Uma das coisas mais divertidas que Jojo Rabbit (Jojo Rabbit) faz é apostar no humor com a intenção de tornar o nazismo uma ideologia ainda mais absurda. E essa sensação é ampliada com a adoção de uma criança protagonista que não apenas é militante e defensora da pureza racial - que vê judeus como inimigos grotescos a serem combatidos -, como ainda tem como amigo imaginário uma espécie de caricata figura do Führer em "pessoa". Sim, se pra você é algo ridículo ver aquele seu vizinho criado a leite com pêra pela avó, que acredita que as dores do mundo são todas por culpa do PETÊ, experimente assistir a um grupo de crianças excitadíssimas com a ideia de participar de uma sessão de queima de livros. Sim, é algo completamente nonsense mas, em partes, é justamente isso que a obra de Taiki Waititi (que também interpreta Hitler) propõe: imaginar, na base do deboche, como seria a preparação (ou doutrinação) de uma massa de crianças alinhadas ao nacionalismo religioso de extrema direita - o famoso "combo nazista".

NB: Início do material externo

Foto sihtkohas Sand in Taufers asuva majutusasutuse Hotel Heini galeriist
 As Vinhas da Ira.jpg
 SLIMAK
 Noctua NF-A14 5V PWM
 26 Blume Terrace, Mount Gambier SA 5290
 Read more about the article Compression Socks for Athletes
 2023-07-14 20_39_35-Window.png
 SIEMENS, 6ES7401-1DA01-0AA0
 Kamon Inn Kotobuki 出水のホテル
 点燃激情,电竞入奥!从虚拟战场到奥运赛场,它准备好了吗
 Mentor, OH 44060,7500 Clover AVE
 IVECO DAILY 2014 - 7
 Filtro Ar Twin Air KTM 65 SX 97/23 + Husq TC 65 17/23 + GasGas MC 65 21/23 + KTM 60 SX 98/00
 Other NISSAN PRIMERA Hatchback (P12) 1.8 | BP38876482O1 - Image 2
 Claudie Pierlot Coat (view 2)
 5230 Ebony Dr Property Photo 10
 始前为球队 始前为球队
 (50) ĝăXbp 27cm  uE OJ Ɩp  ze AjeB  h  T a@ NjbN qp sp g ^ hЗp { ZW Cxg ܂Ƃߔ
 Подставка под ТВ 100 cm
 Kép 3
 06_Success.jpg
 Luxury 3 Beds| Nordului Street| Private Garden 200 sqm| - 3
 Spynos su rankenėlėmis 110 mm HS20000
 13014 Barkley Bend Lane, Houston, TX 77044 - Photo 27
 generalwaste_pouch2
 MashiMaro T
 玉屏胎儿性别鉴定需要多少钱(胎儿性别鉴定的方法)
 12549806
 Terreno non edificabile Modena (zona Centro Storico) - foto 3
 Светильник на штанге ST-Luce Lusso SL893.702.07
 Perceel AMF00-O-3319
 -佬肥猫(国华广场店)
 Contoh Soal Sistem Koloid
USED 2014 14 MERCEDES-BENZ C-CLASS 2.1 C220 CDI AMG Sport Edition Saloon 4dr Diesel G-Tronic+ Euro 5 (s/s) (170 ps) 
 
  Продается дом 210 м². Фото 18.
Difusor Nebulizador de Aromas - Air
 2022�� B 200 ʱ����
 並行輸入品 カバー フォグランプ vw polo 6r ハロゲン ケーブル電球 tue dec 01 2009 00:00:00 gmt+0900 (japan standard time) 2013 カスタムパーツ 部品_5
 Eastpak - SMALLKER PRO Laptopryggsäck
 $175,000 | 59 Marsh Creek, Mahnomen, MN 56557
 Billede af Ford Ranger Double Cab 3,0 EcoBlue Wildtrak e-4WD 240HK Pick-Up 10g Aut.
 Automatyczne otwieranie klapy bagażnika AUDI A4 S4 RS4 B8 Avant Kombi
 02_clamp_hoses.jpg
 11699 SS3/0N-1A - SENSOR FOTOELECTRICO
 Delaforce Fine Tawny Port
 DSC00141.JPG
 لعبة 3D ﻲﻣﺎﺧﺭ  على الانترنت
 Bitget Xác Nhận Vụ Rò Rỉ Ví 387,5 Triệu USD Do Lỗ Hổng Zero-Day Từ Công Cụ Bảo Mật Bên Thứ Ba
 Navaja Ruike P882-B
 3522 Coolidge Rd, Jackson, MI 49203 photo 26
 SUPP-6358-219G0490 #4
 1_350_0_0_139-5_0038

Nesse sentido, o menino de dez anos Jojo (Roman Griffin Davis), cresceu acreditando que o mundo ideal era o estabelecido pelos defensores do Reich. Desde novo integrando um grupo de crianças voluntárias no Campo Hitler, sofre um grave acidente com uma granada, após sofrer bullying por não conseguir matar um coelho (o que renderá seu novo apelido). Em sua casa, verá seu mundo virar de ponta cabeça quando descobrir, meio que por acaso, que a sua mãe (Scarlett Johansson) mantém uma jovem judia (Thomasin McKenzie) escondida em um cômodo. E será dessa forma que estará estabelecido o conflito: sem entender direito esse contexto, Jojo passará a desconfiar do comportamento da mãe, ao mesmo tempo em que se aproxima da jovem, que se chama Elsa. No campo de treinamento, por ter se ferido, participará de atividades prosaicas como distribuição de panfletos, entre outras.
É um filme que trata da Segunda Guerra com uma pitada de leveza quase surrealista, mas sem deixar de lembrar o espectador dos horrores vividos pelo povo alemão naqueles anos. Não por acaso, a película faz lembrar uma mistura entre o drama alemão Lore (2013) e o clássico italiano A Vida É Bela (1998), com Jojo modificando a sua percepção sobre a vida, sobre o mundo e sobre as pessoas conforme a sua jornada avança. De sua amorosa mãe aprende que o apreço pelas artes ou o simples gesto de dançar e confrontar o status quo não é coisa de "comunista". Já com Elsa, não demorará para compreender que havia algo errado no "desenho" dos judeus feitos pelos nazistas - e não é por acaso que cenas como aquela em que o menino Yorki (Archie Yates) fala que comunistas comem bebês e transam com cachorros se tornam tão rotundamente estúpidas (e até engraçadas). É como se, sei lá, alguém acreditasse em mamadeira de piroca ou no fato de que em algum País socialista, bebês de sete meses são masturbados.
Tendo como uma de suas forças, além da trilha sonora e da estética mais "colorida", o uso de imagens e de seu simbolismo - há uma cena em que as casas literalmente parecem ter olhos que observam -, o filme ainda utiliza o jogo de palavras para fazer a crítica ao debate que parece se estender à modernidade. Em uma formidável sequência, por exemplo, Jojo pede para que Elsa desenhe o que seria a sua casa. Após, ela entrega um desenho da cabeça de Jojo: "é que nós não saímos de suas cabeças nazistas", brinca ela. Ainda que eventualmente a obra soe excessivamente expositiva em seus diálogos - por exemplo, não era necessário DIZER que o capitão Klenzendorf (o sempre divertido Sam Rockwell) talvez estivesse disposto a ajudar Jojo e sua família, afinal a gente já tinha percebido isso com suas atitudes -, o filme se consolida como uma das boas surpresas desse começo de temporada, tendo sua indicação ao Oscar na categoria máxima como um bom "prêmio de consolação". Vale conferir.